I find it kind of ridiculous that the Lake La Su An Wildlife Area is only open from the first Friday in May until the last Monday in July. I understand the ODNR trying to maintain the populations of large bluegill but to only allow people to fish on public land for only 52 days out of the year is crap. The bass fishing spots in NW Ohio are slim pickens. La Su An provides a place where people can take their kids and they won't get bored because they are going to catch fish. It seams to me that we should be able to get a petition together to force the State of Ohio to keep areas that belong to the people of the State of Ohio open so that we can use them at our convenience not just the four days a week in a three month span that the state designates.


----------



## HatersGonnaHate (Jun 4, 2013)

there is a reason that it is the best bluegill lake in the state. More big fish are caught there than any lake in the state. Its open on the 4 most likely days that people would go fishing and during the prime times of the year.
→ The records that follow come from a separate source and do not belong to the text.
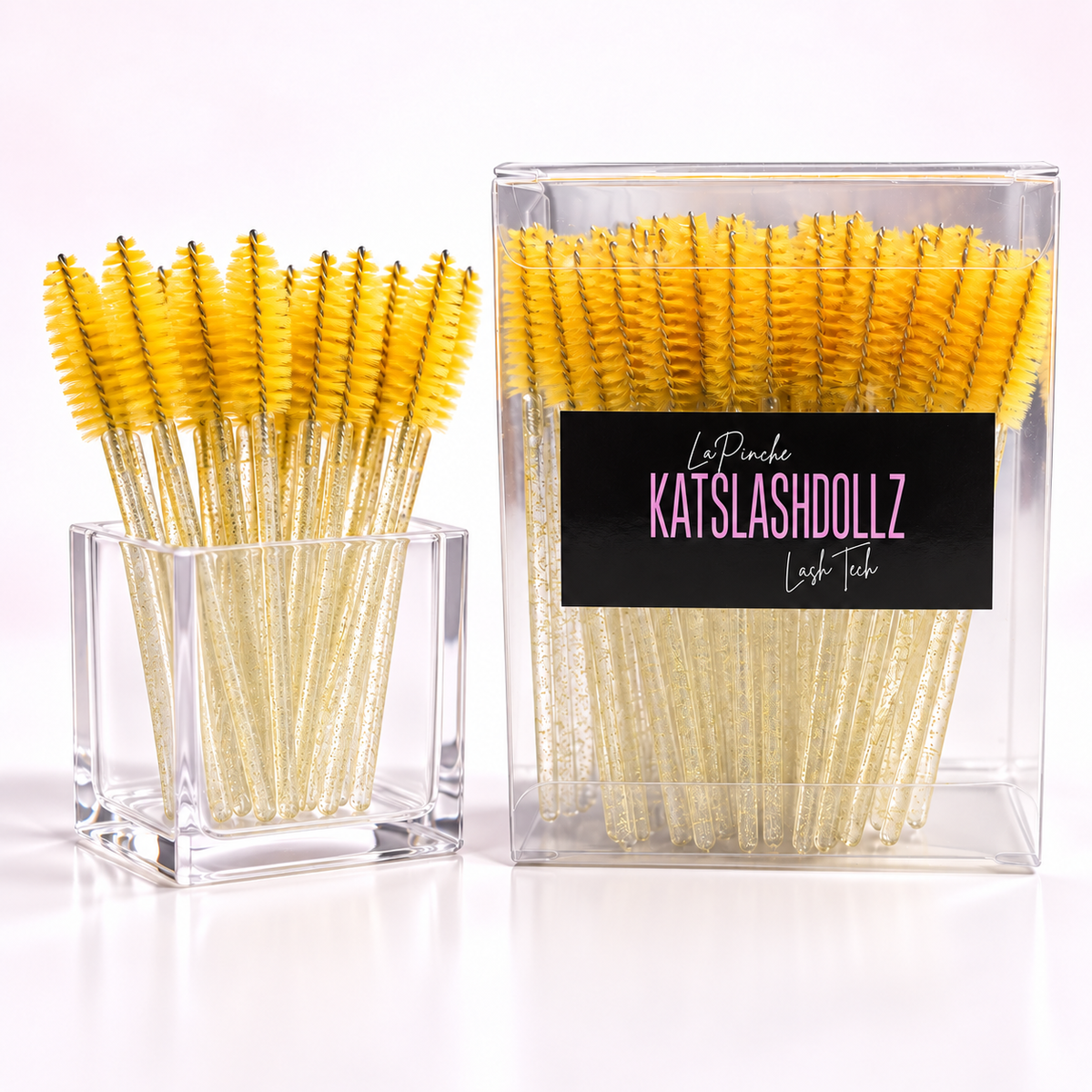 MASCARA WANDS 100CT ♡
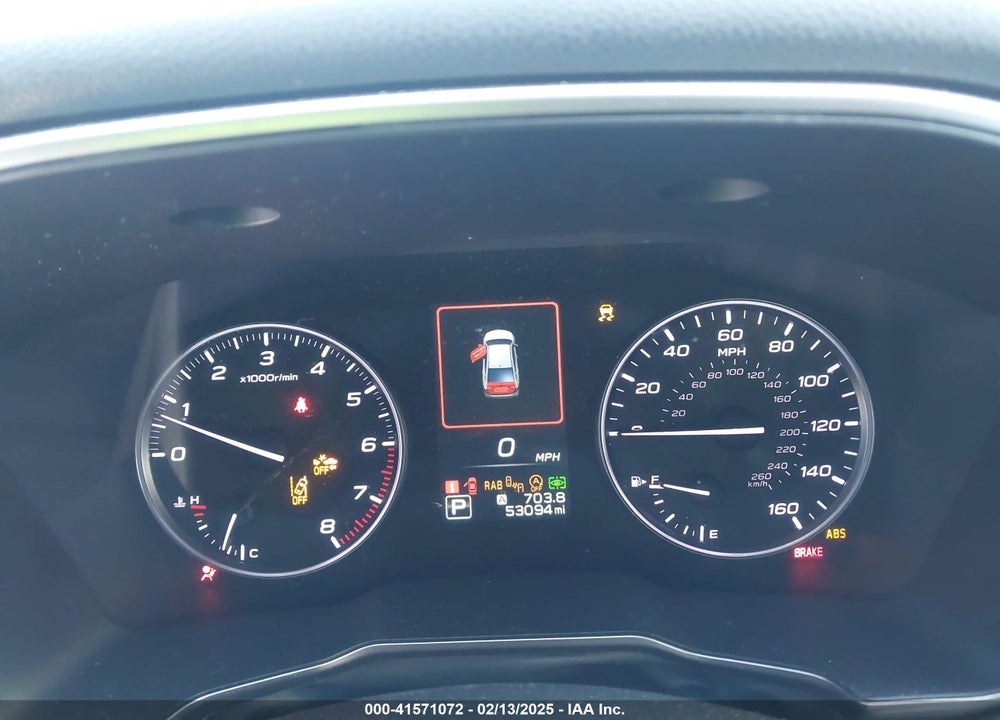 2020 SUBARU LEGACY VIN: 4S3BWAN62L3021915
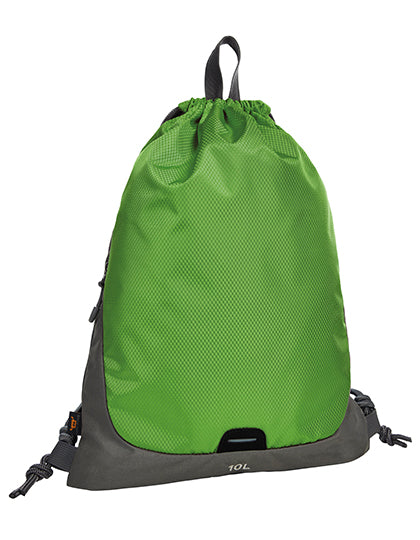Drawstring Bag Step von Halfar – Produkt- und Farbansicht für Textildruck und Stickerei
What more do you want?


----------



## Flathead76 (May 2, 2010)

If it were open all year your kids would be bored fishing there because it would be fished out.


----------



## depressedlionsfan (Jul 10, 2007)

I don't know about you Haters, but I still want to fish in August, September and October. Many of us catch and release. There is no reason why they just can't make it catch and release for those months and don't allow any live bait. I pay for a fishing license for the entire year and should be able to fish in waters that my fees and taxes pay for.


----------



## LatinoHeat (Sep 2, 2010)

"...that my fees and taxes pay for". So yur one of those guys. In reality your fees and taxes count towards $.01 of la su an costs. It is a great fishery for a reason. Leave it alone man. You don't have the same success most other places because they are over fished. La su an is protected so u and yur kids can continue to have success there for decades to come. It would be nice to keep it open longer, but that would only be nice short term. Making it C&R would be great for the extended months but people prove everyday that they cannot be trusted with honor system. Not to mention all the idiots that leave their garbage behind, ruining good holes, closing access to good holes and forcing tighter restrictions. Bottom line, I feel ya, but U got to let it go. The positive far exceeds the negative I'm this instance.


----------



## HatersGonnaHate (Jun 4, 2013)

Exactly. I would love for them to open it up for ice fishing again but it would get messy and people would take advantage and keep more that allowed. I am glad that the dnr continues to keep an eye on the lakes when they are opened. I watched a guy try to hide additional fish in a cooler last summer. People just cant be trusted and opening it more would only hurt the fishing


----------



## fishwhacker (Jul 16, 2010)

I agree with letting it alone if your catching and releasing just for fun with family then you should be able to find tons of locations of smaller bluegills to make your kids happy, if you can't la su ann ain't gonna help ya. I never fished La Su Ann but from the reports I read and fish ohio gills caught there are plenty of places I believe that are better in ohio. (Lake Erie isn't just for walleye and perch). I believe La Su Ann is doing a great job at making it easy for people to locate huge gills, but they can be found all over if your willing to put in the time and fish spots that are hard to get too.


----------



## ress (Jan 1, 2008)

Just got back from McComb res. There are clouds of 3 inch bluegill that kids would have a ball catching. If you go take about 1000 wax worms and don't plan on fishing yourself.


----------